According to the data analysed on the EMR database, the percentage of patients with severe asthma that had an OCS prescription during 2019 was 27%. This value was similar to the numbers obtained from a previously published study for patients with severe uncontrolled asthma that were treated with OCS for 3 months or longer [25].

The national mean (SD) of OCS use in 2019 per 100,000 inhabitants in Spain was 148,479 (62,024) in mg, amounting to 1099.8 mg per patient with severe asthma and at least one prescription of OCS. This translates to a considerable amount of OCS used, although, it was not possible to estimate if the figure was distributed over shorts courses or prescribed as maintenance treatment. Nevertheless, use of such a high dose of OCS indicates poor asthma control as per a recently published international consensus. According to the consensus, over 75% of experts selected a threshold of 0.5 g or 1 g as the annual cumulative OCS dose indicative of poor asthma control [9], suggesting that higher the cumulative annual OCS dose the greater is the risk of serious adverse effects [10].

Patients with severe asthma selected from the EMR database were mostly middle-aged female with a mean BMI over 30 indicating obesity. It was also observed that a significant percentage of patients were active smokers (10%) despite having severe asthma. The median time since diagnosis (close to 7 years) showed that the patients had been living with asthma for a long time. Frequent comorbidities experienced by this group of patients were rhinitis, respiratory infections and chronic sinusitis atopy present in one-third of the patients.

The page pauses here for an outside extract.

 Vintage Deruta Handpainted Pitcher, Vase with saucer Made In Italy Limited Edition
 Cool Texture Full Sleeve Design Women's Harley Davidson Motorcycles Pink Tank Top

A marked limitation of the study necessitated the use of two different existing databases to build the groups of patients for analysis and therefore, failing to establish comparisons between the groups. This type of analysis in a single and comprehensive database with data of severe asthma patients treated with OCS would have been the best scenario to ensure the highest accurateness. Nevertheless, up to our knowledge, no patient-level database containing this information and with geographical granularity is available in Spain, and therefore this exercise must be just considered as a first piece to build evidence. However, the databases were adequately described to show the advantages and the limitations of their use, and the assumptions and methodology applied were also thoroughly explained in the “Methods” section. Among the advantages of the EMR database are its fairly good representativeness of the overall treated population in Spain and its similar distribution of age and gender compares well to the Spanish general population, but the percentage of Spanish population covered (~ 3.2% of the overall treated population in Spain) could be considered as low. Although the Sell-in database provides information about dispensed prescriptions and does not collect actual intake by the patients, its main advantage is its degree of granularity so that drug use can be analysed at a very detailed degree (basic healthcare areas). Though, the generalizability of the results is limiting, it helps to demonstrate the differences in the OCS use in patients with severe asthma across Spain. One of the major advantages of our study is that it draws attention of the healthcare community towards the high use of systemic corticosteroids in patients with severe asthma in Spain, despite the availability of effective treatments that can help to reduce or even avoid their use.

Conclusions

There are geographical differences between Spanish regions with respect to the use of OCS in patients with severe asthma. These differences also exist within each region and within each province of a region. At the national level, the use of OCS is higher than the values considered appropriate by the scientific community, and as it is well known OCS use is related to severe adverse events and poor asthma control. It seems necessary to pay special attention to the excessive consumption of OCS in patients with severe asthma and to implement strategies in the Spanish National Health System aimed at reducing OCS consumption in patients with severe asthma.